§ **To do**
The answer should be an exact repeat of the stretch of material below from the line containing "Grey Heron (Ardea" through the line containing "Apartamento para alugar".
——————
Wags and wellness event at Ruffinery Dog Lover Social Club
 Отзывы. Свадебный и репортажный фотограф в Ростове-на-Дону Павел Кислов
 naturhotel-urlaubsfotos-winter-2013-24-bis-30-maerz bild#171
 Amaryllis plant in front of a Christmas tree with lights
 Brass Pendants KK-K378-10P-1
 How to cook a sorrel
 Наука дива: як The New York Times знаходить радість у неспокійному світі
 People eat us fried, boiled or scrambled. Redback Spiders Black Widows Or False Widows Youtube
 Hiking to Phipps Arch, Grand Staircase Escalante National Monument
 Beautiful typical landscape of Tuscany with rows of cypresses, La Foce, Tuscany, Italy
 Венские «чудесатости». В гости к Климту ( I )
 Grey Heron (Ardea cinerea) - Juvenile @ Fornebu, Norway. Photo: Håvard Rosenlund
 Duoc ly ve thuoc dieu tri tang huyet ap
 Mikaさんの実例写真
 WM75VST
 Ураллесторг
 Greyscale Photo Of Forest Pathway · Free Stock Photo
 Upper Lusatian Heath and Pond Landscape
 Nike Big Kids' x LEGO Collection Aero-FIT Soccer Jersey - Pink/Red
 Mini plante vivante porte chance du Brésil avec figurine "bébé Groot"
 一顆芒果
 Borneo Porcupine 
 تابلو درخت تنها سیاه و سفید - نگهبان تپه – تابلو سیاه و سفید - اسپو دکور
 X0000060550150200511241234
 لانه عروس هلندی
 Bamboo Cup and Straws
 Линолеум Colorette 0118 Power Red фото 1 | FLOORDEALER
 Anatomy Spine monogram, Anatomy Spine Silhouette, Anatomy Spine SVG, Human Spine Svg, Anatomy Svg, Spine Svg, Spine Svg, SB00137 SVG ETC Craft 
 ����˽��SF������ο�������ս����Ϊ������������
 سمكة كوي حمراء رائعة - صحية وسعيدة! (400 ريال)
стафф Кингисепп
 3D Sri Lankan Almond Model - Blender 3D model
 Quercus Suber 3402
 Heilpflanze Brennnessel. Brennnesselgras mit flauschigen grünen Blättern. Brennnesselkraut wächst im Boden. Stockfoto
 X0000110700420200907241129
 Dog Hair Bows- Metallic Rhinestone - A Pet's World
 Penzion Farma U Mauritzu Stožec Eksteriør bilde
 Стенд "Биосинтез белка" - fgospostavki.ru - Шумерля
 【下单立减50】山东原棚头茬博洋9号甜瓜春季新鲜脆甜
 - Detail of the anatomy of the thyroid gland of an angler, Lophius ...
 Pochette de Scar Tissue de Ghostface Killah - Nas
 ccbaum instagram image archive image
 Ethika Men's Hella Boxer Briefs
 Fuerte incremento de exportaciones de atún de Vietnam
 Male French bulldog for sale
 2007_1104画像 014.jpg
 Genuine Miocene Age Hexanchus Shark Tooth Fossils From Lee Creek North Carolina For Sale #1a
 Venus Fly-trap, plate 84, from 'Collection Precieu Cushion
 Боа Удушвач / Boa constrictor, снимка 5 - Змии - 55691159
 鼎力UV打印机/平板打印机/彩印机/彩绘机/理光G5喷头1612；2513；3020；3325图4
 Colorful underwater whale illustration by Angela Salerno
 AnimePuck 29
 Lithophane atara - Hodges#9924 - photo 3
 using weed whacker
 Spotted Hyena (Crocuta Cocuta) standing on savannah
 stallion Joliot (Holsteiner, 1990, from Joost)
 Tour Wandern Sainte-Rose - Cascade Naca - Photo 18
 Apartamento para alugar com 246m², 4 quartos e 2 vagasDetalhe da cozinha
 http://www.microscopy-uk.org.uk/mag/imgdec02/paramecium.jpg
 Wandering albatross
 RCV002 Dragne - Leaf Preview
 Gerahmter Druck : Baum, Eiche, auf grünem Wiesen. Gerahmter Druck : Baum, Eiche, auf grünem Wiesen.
——————
§ **Output for this exercise**
 Grey Heron (Ardea cinerea) - Juvenile @ Fornebu, Norway. Photo: Håvard Rosenlund
 Duoc ly ve thuoc dieu tri tang huyet ap
 Mikaさんの実例写真
 WM75VST
 Ураллесторг
 Greyscale Photo Of Forest Pathway · Free Stock Photo
 Upper Lusatian Heath and Pond Landscape
 Nike Big Kids' x LEGO Collection Aero-FIT Soccer Jersey - Pink/Red
 Mini plante vivante porte chance du Brésil avec figurine "bébé Groot"
 一顆芒果
 Borneo Porcupine 
 تابلو درخت تنها سیاه و سفید - نگهبان تپه – تابلو سیاه و سفید - اسپو دکور
 X0000060550150200511241234
 لانه عروس هلندی
 Bamboo Cup and Straws
 Линолеум Colorette 0118 Power Red фото 1 | FLOORDEALER
 Anatomy Spine monogram, Anatomy Spine Silhouette, Anatomy Spine SVG, Human Spine Svg, Anatomy Svg, Spine Svg, Spine Svg, SB00137 SVG ETC Craft 
 ����˽��SF������ο�������ս����Ϊ������������
 سمكة كوي حمراء رائعة - صحية وسعيدة! (400 ريال)
стафф Кингисепп
 3D Sri Lankan Almond Model - Blender 3D model
 Quercus Suber 3402
 Heilpflanze Brennnessel. Brennnesselgras mit flauschigen grünen Blättern. Brennnesselkraut wächst im Boden. Stockfoto
 X0000110700420200907241129
 Dog Hair Bows- Metallic Rhinestone - A Pet's World
 Penzion Farma U Mauritzu Stožec Eksteriør bilde
 Стенд "Биосинтез белка" - fgospostavki.ru - Шумерля
 【下单立减50】山东原棚头茬博洋9号甜瓜春季新鲜脆甜
 - Detail of the anatomy of the thyroid gland of an angler, Lophius ...
 Pochette de Scar Tissue de Ghostface Killah - Nas
 ccbaum instagram image archive image
 Ethika Men's Hella Boxer Briefs
 Fuerte incremento de exportaciones de atún de Vietnam
 Male French bulldog for sale
 2007_1104画像 014.jpg
 Genuine Miocene Age Hexanchus Shark Tooth Fossils From Lee Creek North Carolina For Sale #1a
 Venus Fly-trap, plate 84, from 'Collection Precieu Cushion
 Боа Удушвач / Boa constrictor, снимка 5 - Змии - 55691159
 鼎力UV打印机/平板打印机/彩印机/彩绘机/理光G5喷头1612；2513；3020；3325图4
 Colorful underwater whale illustration by Angela Salerno
 AnimePuck 29
 Lithophane atara - Hodges#9924 - photo 3
 using weed whacker
 Spotted Hyena (Crocuta Cocuta) standing on savannah
 stallion Joliot (Holsteiner, 1990, from Joost)
 Tour Wandern Sainte-Rose - Cascade Naca - Photo 18
 Apartamento para alugar com 246m², 4 quartos e 2 vagasDetalhe da cozinha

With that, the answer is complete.